Work order: Repeat the data that follows in full. Do not include the pictures.

Data provided:

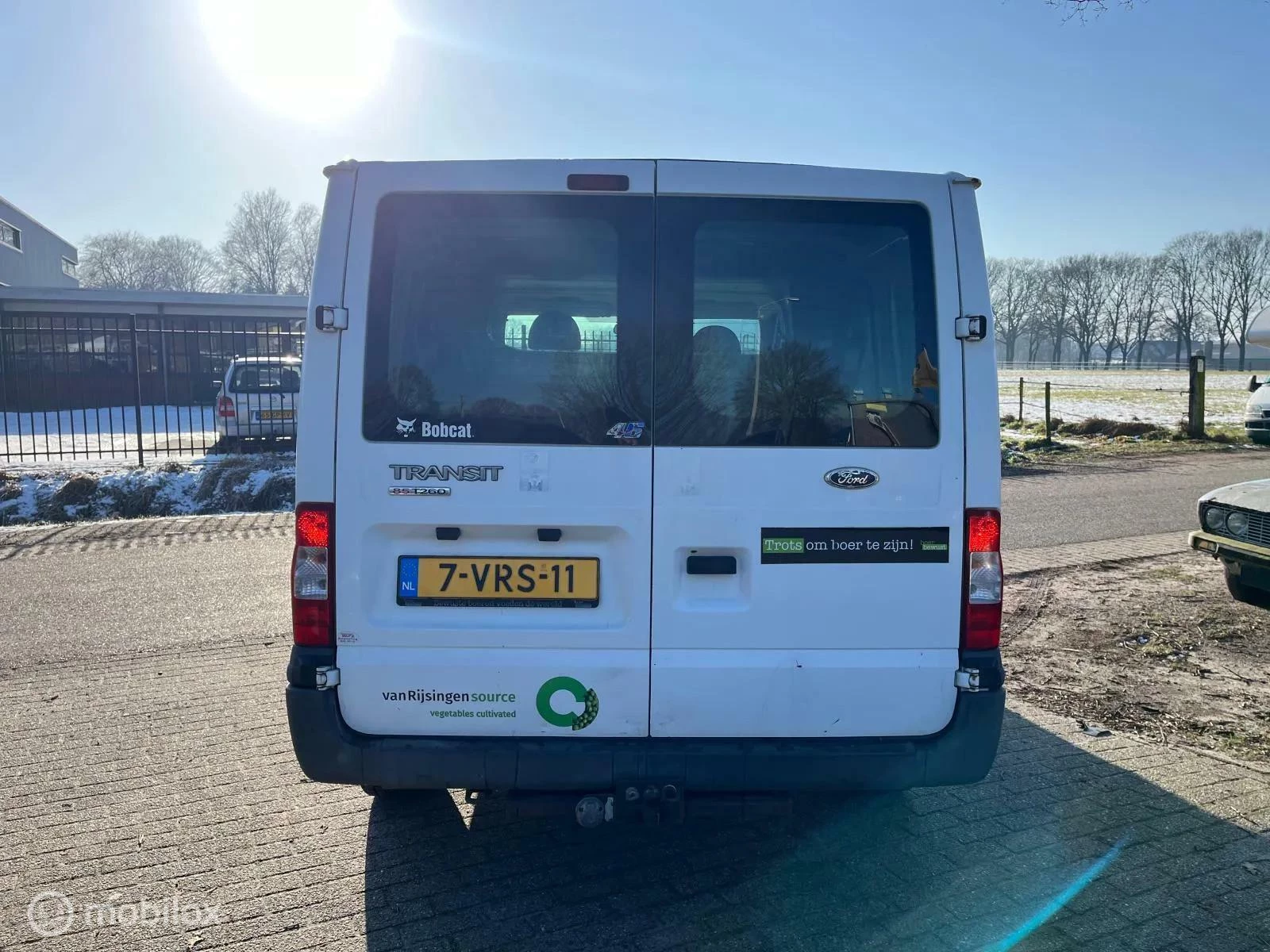 Hoofdafbeelding Ford Transit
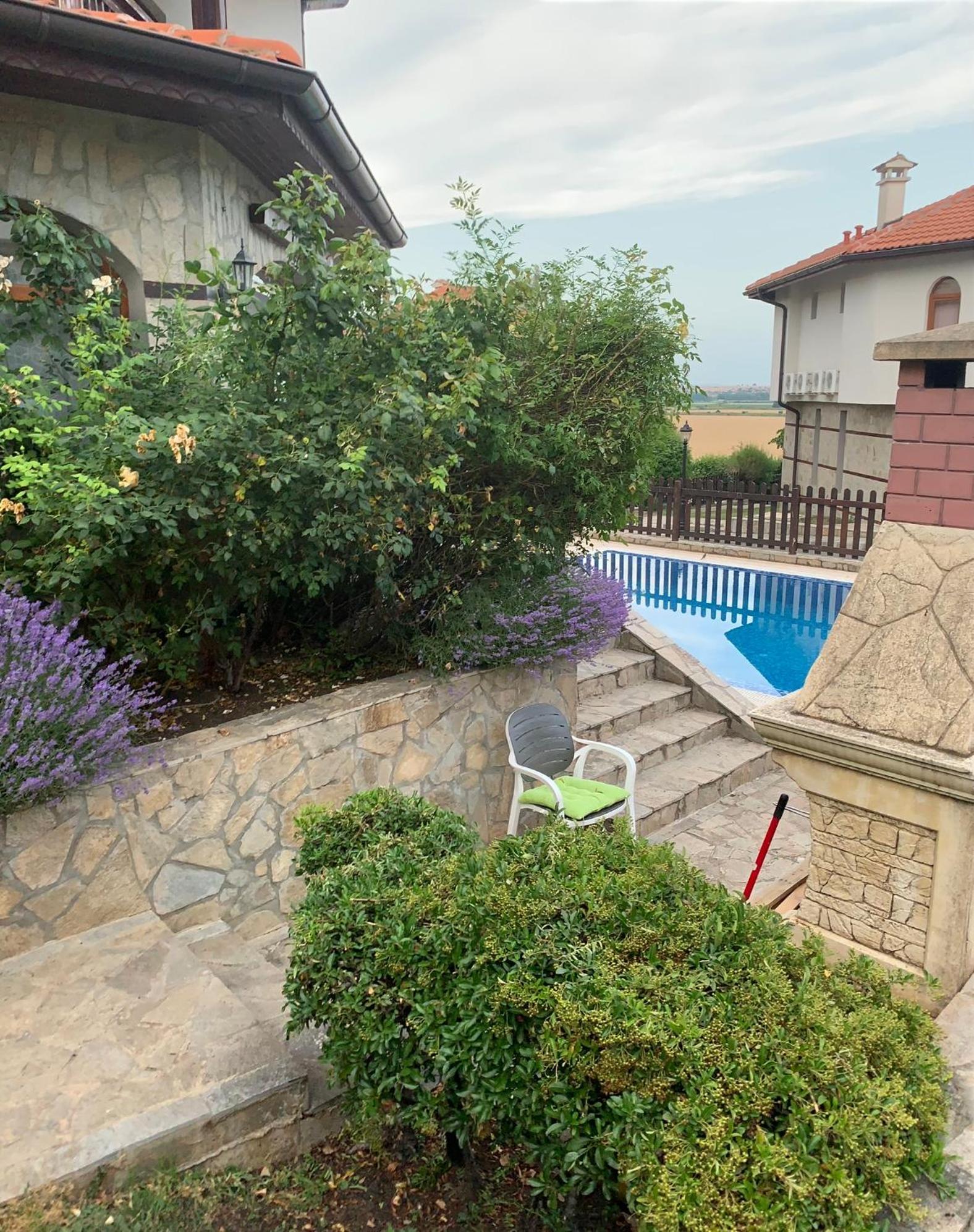 Exklusive Villa Am Sonnenstrand Bulgarien Am Schwarzen Meer Cabernet 1 Kableshkovo  Exterior foto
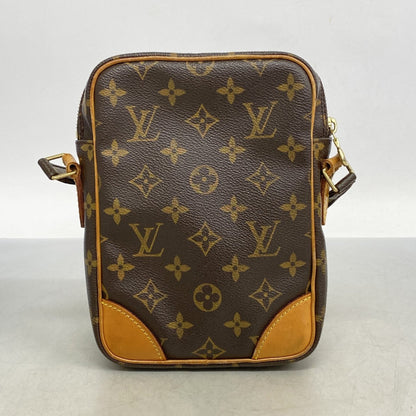Louis Vuitton Monogram Amazon Shoulder Bag M45236 Brown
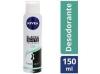 DESODORANTE AEROSOL NIVEA INVISIBLE FRESH 150ML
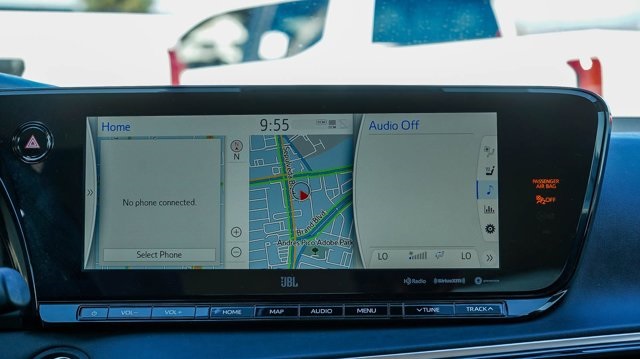 used 2022 Toyota Mirai car, priced at $13,888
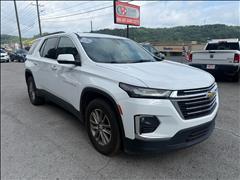 2023 Chevrolet Traverse 
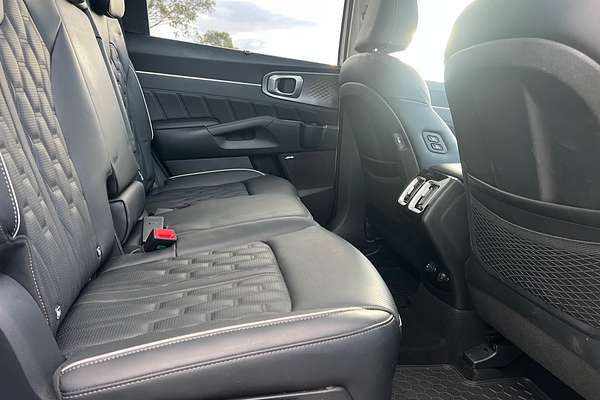 2020 Kia Sorento GT-Line MQ4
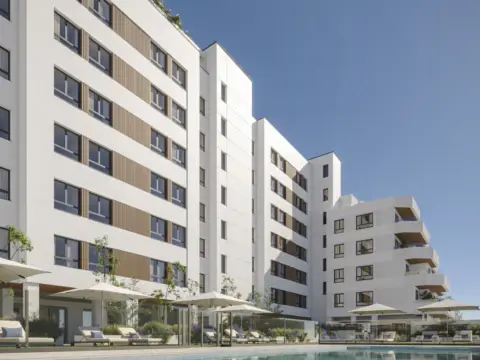 Ático en Paseo Farnesio Confluencia Con Bartolomé de Las Casas ,  S/N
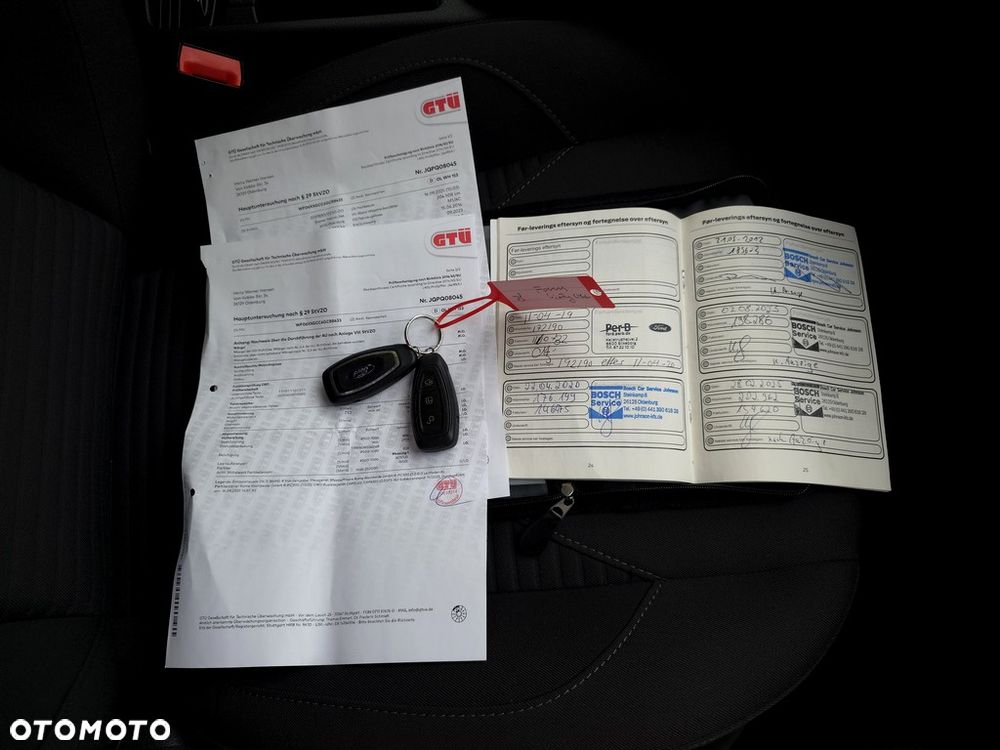 Ford Focus 2.0 TDCi Titanium ASS - 35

Solution for this problem:
 Hoofdafbeelding Ford Transit
 Exklusive Villa Am Sonnenstrand Bulgarien Am Schwarzen Meer Cabernet 1 Kableshkovo  Exterior foto
Louis Vuitton Monogram Amazon Shoulder Bag M45236 Brown
 DESODORANTE AEROSOL NIVEA INVISIBLE FRESH 150ML
 used 2022 Toyota Mirai car, priced at $13,888
 2023 Chevrolet Traverse 
 2020 Kia Sorento GT-Line MQ4
 Ático en Paseo Farnesio Confluencia Con Bartolomé de Las Casas ,  S/N
 Ford Focus 2.0 TDCi Titanium ASS - 35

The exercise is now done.